The `OpenFile=` directive instructs systemd to open a file before starting the service. The file descriptor
will be passed to the started service as an inherited file descriptor.

#### Example: systemd system manager opens the file _/root/secretfile_ in read-only mode and the container reads the file descriptor

Run the commands

```
sudo bash -c 'echo "hello from secret" > /etc/secretfile'
sudo chmod 700 /etc/secretfile
sudo useradd test
uid=$(id -u test)
sudo systemd-run \
--collect \
--pipe \
--property OpenFile=/etc/secretfile:myfdname:read-only \
--property User=test \
--property Requires=user@${uid}.service \
--property After=user@${uid}.service \
--property Environment=XDG_RUNTIME_DIR=/run/user/${uid} \
--quiet \
--wait \
podman run --quiet --rm alpine sh -c "cat <&3"
```

The text `hello from secret` is written to stdout.
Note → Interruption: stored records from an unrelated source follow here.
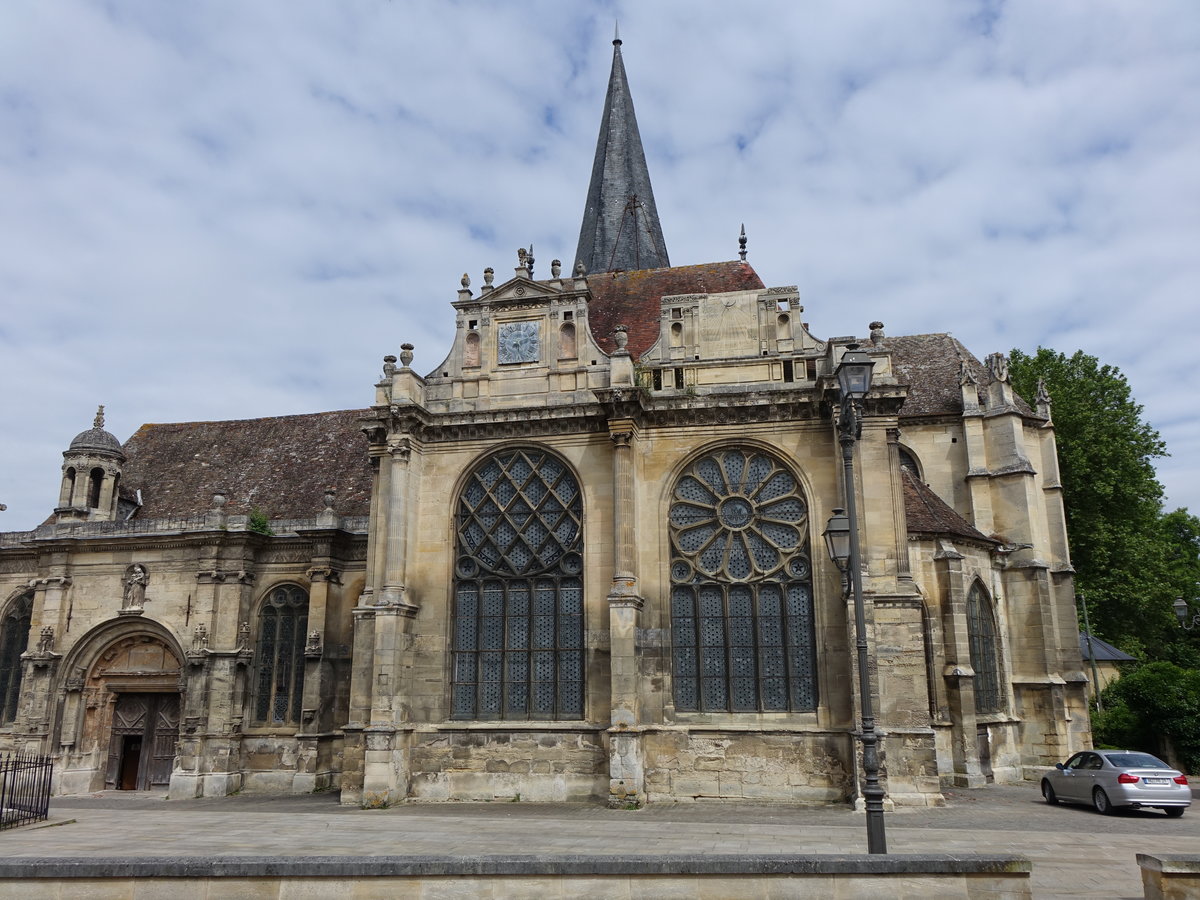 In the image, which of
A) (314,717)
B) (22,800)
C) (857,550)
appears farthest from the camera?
(314,717)

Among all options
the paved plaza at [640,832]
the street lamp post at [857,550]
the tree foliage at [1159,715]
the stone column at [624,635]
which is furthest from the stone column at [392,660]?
the tree foliage at [1159,715]

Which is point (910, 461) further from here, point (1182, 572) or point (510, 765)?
point (510, 765)

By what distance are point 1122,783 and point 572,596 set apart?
439 inches

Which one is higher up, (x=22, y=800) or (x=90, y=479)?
(x=90, y=479)

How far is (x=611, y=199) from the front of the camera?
101 ft

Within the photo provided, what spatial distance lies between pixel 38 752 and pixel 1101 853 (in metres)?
24.9

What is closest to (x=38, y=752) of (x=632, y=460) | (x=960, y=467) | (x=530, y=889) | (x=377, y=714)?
(x=377, y=714)

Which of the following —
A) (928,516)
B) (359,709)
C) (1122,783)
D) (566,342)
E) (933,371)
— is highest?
(933,371)

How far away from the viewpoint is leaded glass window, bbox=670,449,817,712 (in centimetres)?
1883

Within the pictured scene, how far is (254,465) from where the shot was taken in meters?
29.7

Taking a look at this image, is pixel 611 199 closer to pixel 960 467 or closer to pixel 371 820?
pixel 960 467

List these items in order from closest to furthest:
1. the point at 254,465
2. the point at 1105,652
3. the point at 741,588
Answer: the point at 741,588 < the point at 254,465 < the point at 1105,652

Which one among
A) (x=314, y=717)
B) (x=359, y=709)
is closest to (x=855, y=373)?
(x=359, y=709)

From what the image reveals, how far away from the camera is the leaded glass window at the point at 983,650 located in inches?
947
#### Example: systemd user manager opens the file _/home/test/secretfile_ in read-only mode and the container reads the file descriptor

Run the commands

```
sudo useradd test
sudo bash -c 'echo "hello from secret" > /home/test/secretfile'
sudo chmod 700 /home/test/secretfile
sudo chown test:test /home/test/secretfile
uid=$(id -u test)
sudo systemd-run \
--user \
--machine=test@ \
--property OpenFile=/home/test/secretfile:myfdname:read-only \
--collect \
--pipe \
--quiet \
--wait \
podman run -q --rm --user 65534:65534 alpine sh -c "cat <&3"
```

The text `hello from secret` is written to stdout. (When I tested
on Fedora CoreOS 38.20230430.1.0 (with container-selinux-2.209.0-1.fc38.noarch)
I first had to run `sudo setenforce 0` to get this example to work)
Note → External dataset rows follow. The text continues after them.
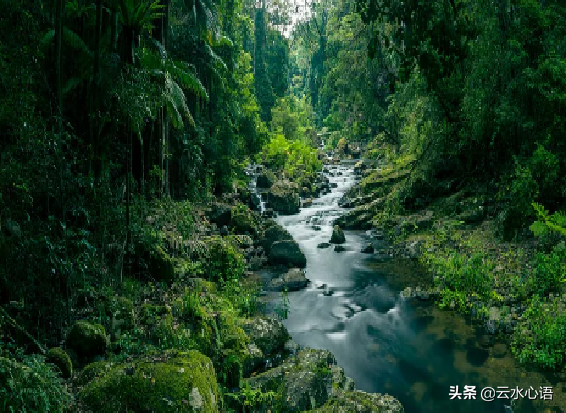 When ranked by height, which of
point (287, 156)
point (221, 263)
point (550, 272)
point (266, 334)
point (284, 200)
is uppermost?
point (287, 156)

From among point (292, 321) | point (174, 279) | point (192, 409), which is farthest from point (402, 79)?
point (292, 321)

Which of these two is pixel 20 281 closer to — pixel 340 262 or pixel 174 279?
pixel 174 279

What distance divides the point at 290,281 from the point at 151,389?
7.72 m

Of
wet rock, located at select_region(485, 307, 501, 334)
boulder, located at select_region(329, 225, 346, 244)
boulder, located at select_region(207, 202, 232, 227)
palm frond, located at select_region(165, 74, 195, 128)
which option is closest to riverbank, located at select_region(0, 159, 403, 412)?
palm frond, located at select_region(165, 74, 195, 128)

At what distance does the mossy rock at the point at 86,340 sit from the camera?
489 centimetres

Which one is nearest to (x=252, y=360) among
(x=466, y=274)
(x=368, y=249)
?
(x=466, y=274)

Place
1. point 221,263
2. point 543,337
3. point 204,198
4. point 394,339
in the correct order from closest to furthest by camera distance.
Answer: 1. point 543,337
2. point 394,339
3. point 221,263
4. point 204,198

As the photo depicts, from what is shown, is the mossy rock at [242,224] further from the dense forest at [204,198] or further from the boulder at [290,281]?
the boulder at [290,281]

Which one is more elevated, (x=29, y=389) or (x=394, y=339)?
(x=29, y=389)

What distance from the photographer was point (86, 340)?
4930 millimetres

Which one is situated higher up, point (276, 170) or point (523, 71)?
point (523, 71)

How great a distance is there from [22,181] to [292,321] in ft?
20.1

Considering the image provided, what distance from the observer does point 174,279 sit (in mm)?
8211

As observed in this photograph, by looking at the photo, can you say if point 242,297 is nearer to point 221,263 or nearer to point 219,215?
point 221,263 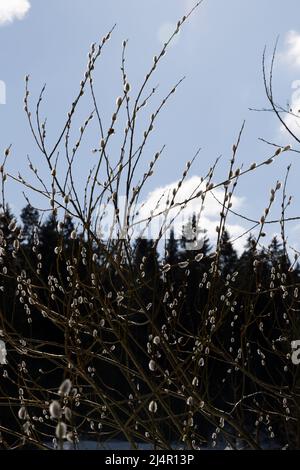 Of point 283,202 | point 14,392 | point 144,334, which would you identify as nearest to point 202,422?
point 144,334

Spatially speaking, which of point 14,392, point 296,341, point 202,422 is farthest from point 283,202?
point 202,422

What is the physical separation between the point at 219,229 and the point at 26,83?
41.6 inches

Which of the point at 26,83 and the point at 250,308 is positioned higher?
the point at 26,83

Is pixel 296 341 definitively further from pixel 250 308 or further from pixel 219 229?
pixel 219 229

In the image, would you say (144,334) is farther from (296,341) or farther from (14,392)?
(296,341)

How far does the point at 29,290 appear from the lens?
196 cm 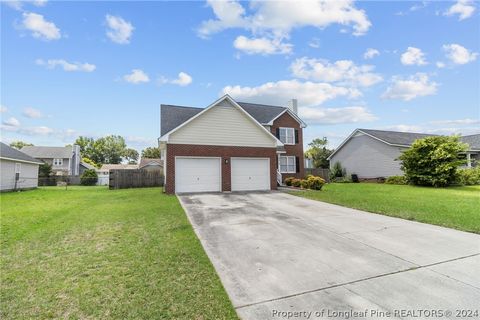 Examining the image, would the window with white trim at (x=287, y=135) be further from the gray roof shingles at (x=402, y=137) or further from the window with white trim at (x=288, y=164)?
the gray roof shingles at (x=402, y=137)

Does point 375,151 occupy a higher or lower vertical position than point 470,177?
higher


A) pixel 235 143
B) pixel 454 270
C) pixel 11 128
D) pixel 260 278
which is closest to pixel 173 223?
pixel 260 278

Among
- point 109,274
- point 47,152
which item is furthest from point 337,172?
point 47,152

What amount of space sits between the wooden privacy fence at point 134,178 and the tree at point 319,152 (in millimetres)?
23855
__audit2allow__ showed that these rules are necessary

```
#============= container_t ==============
allow container_t user_home_t:file read;

#============= systemd_logind_t ==============

#!!!! This avc can be allowed using the boolean 'domain_can_mmap_files'
allow systemd_logind_t etc_t:file map;
```

Note, in the example the option `--user 65534:65534` was added to highlight
the fact that the container user does not need to be mapped
to the regular user of the host (i.e. the user _test_).
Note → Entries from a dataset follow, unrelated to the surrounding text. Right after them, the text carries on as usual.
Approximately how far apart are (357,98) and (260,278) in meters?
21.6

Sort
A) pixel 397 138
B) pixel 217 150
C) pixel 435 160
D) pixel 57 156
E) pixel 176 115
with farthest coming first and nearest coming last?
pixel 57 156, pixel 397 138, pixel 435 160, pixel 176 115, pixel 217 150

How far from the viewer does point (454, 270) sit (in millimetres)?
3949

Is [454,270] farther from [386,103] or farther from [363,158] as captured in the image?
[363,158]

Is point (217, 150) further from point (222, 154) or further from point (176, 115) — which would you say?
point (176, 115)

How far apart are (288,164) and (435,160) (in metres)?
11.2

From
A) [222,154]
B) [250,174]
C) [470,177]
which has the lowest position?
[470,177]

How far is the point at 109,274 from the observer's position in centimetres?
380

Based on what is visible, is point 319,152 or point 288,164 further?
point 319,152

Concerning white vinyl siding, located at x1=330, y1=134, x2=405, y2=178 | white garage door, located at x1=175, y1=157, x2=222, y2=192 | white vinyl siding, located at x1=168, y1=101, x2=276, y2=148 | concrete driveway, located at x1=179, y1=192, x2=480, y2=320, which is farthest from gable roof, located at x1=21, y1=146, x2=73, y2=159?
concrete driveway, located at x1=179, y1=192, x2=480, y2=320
#### Example: systemd system manager opens the file _/root/secretfile_ in read-only mode and a container running in a container reads the file descriptor

Run the commands

```
sudo bash -c 'echo "hello from secret" > /etc/secretfile'
sudo chmod 700 /etc/secretfile
sudo useradd test
uid=$(id -u test)
sudo systemd-run \
--collect \
--pipe \
--property OpenFile=/etc/secretfile:myfdname:read-only \
--property User=test \
--property Requires=user@${uid}.service \
--property After=user@${uid}.service \
--property Environment=XDG_RUNTIME_DIR=/run/user/${uid} \
--quiet \
--wait \
podman run \
--device /dev/fuse \
--quiet \
--rm \
--security-opt label=disable \
--user podman \
quay.io/podman/stable \
podman run \
--quiet \
--rm \
alpine sh -c "cat <&3"
```

The text `hello from secret` is written to stdout.

The command took about 1 minute to run. To see more progress remove the `--quiet` flags.